The open-plan interior.

When COVID gripped California in the spring of 2020, my four-year project began. Much of the work I did alone, living on site through the climate extremes of Yucca Mesa.

Karl and Cate provided drawings and often visited to study the sun, moon, and wind with me. Janet Johnson cheered me through long days and late nights as bobcats and mountain lions prowled the site for food. San Francisco architect Zach Stewart shared the “owner-builder way” he had carved from California’s building code in the 1960s, his hard work making room for experiments. Ron Perrine, a seasoned builder, guided me from the start and later set me up to work solo.

We built the cabin I call Mesa Sky Disk on a lush plain overlooking more than 100 acres of open land dotted with Joshua trees, Spanish dagger, chollas, jojoba, creosote, and blackbrush. We sculpted the building around the vegetation and dug most everything by hand, refusing to move a single plant.

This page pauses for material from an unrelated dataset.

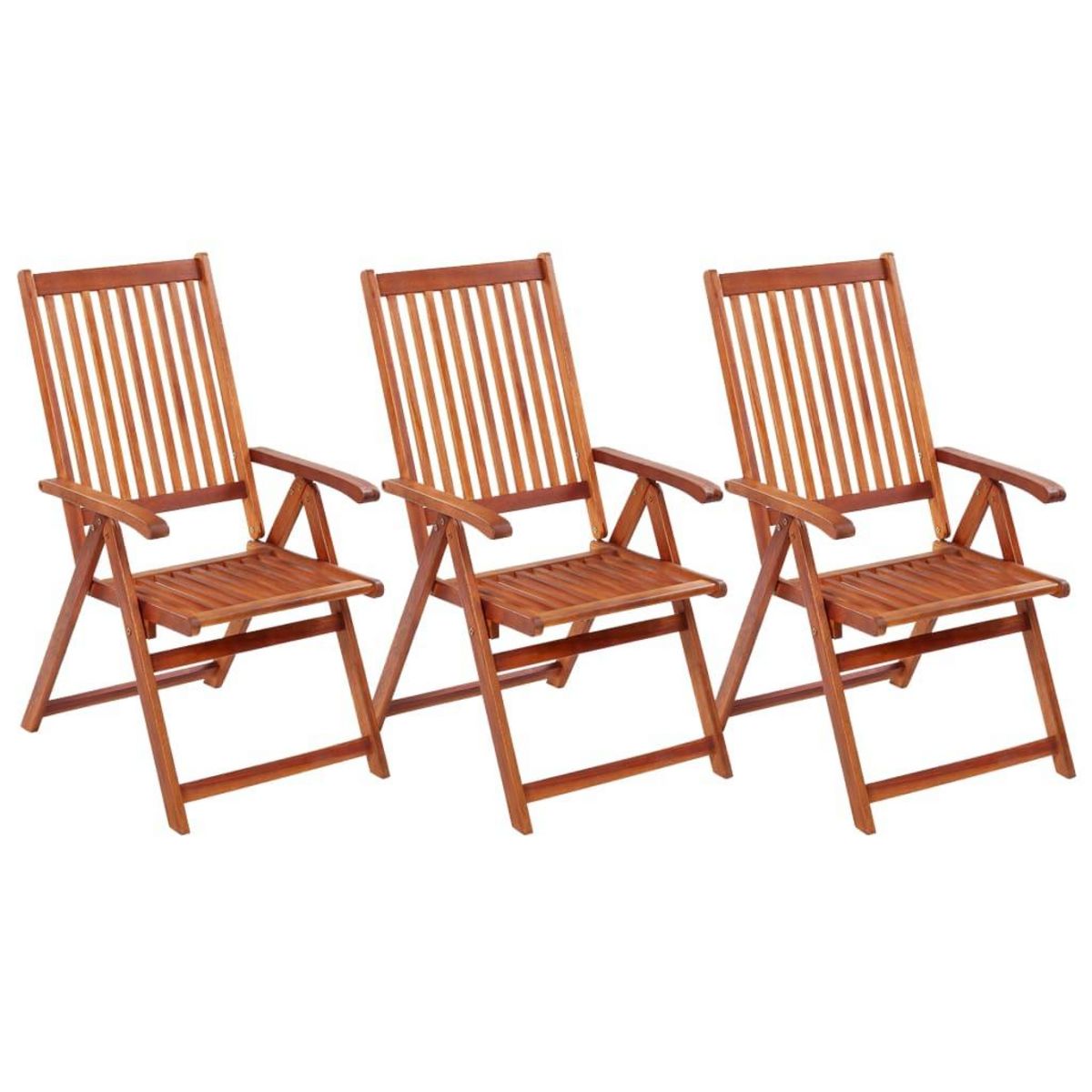 VIDAXL Chaises pliables de jardin lot de 3 Bois d'acacia solide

The cabin’s two wings form overlapping ellipses, which we plotted by dragging a stick tethered to stakes at the foci. Straw-bale walls trace those curves, 22 inches thick pinned with long bamboo shoots and layers of elk fence. A natural lime skin hardened around the straw. A metal roof carries the two intersecting ellipses into the air, completing their butterfly shape. The curving petals pitch upward while, below, a low-carbon stem wall entombs toxic landfill — old materials gathered from a junkyard outside Palm Springs to remove them from landfill.

Mesa Sky Disk now welcomes guests as a rental but stands, more importantly, as an active laboratory for California’s climate future. The project confronts competing needs: reducing carbon and toxic materials while creating a livable space; pursuing genuinely new ideas while remaining practical; and meeting California’s stringent seismic and energy-efficiency codes while building an affordable, and even beautiful, retreat in the wild desert.